Il hoche la tête, détourne le regard et nous rejoignons la gare avec beaucoup moins d'entrain que ce matin. Harry n'a pas envie de dire au revoir à la mer et moi à notre journée.

Dans le train, nous reprenons les mêmes places, il y a un peu plus de monde qu'à l'aller. Je sors mes écouteurs, Harry me sourit quand je lui en tends un. Je lui dis,

– Promis, je ne m'endors pas sur toi cette fois.

Il me donne un léger coup de coude en riant, tandis que je lance une musique au hasard, les joues légèrement rougies. Des chansons calmes nous accompagnent le long du trajet. Je ne me repose pas contre son épaule, mais nos genoux se touchent et restent l'un contre l'autre jusqu'à l'arrivée.
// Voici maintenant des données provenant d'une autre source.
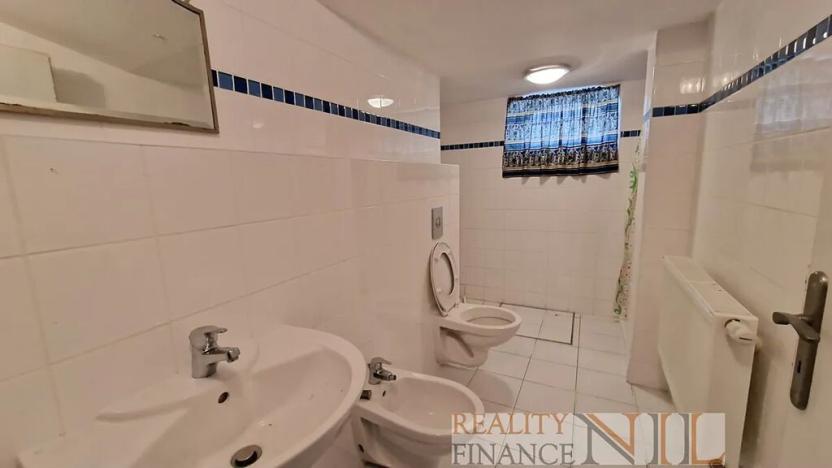 Pronájem vily, Mariánské Lázně, Palackého, 400 m2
Quand on sort de la gare, je le raccompagne jusqu'à la petite place pour ne pas qu'il se perde. Le soleil commence à se faire moins fort. Je regarde l'heure sur mon téléphone, il est presque vingt heures dix. Nous arrivons sur la place, quasiment vide, je me tourne vers Harry et lui souris.

– Bon, c'était vraiment une belle journée il faud...

Je n'ai pas le temps de terminer ma phase, il s'approche de moi, m'attire contre lui et me prends dans ses bras. Ce n'est pas une simple accolade ou un câlin. Je sens dans mon dos ses doigts qui s'accrochent légèrement à moi et la manière dont il me serre contre lui.

Pendant une poignée de secondes, je ne fais rien, surpris par son geste. Mais je lui rends ensuite son étreinte, mes bras se referment autour de sa taille et mon nez presque dans le creux de son cou.

– Merci Louis.

Harry souffle ses mots contre mes cheveux, je sens mon corps entier frissonner. Il me le répète encore. Je ferme les paupières et souris. Sa peau a l'odeur de l'eau salée de la mer, du sable et de la vanille.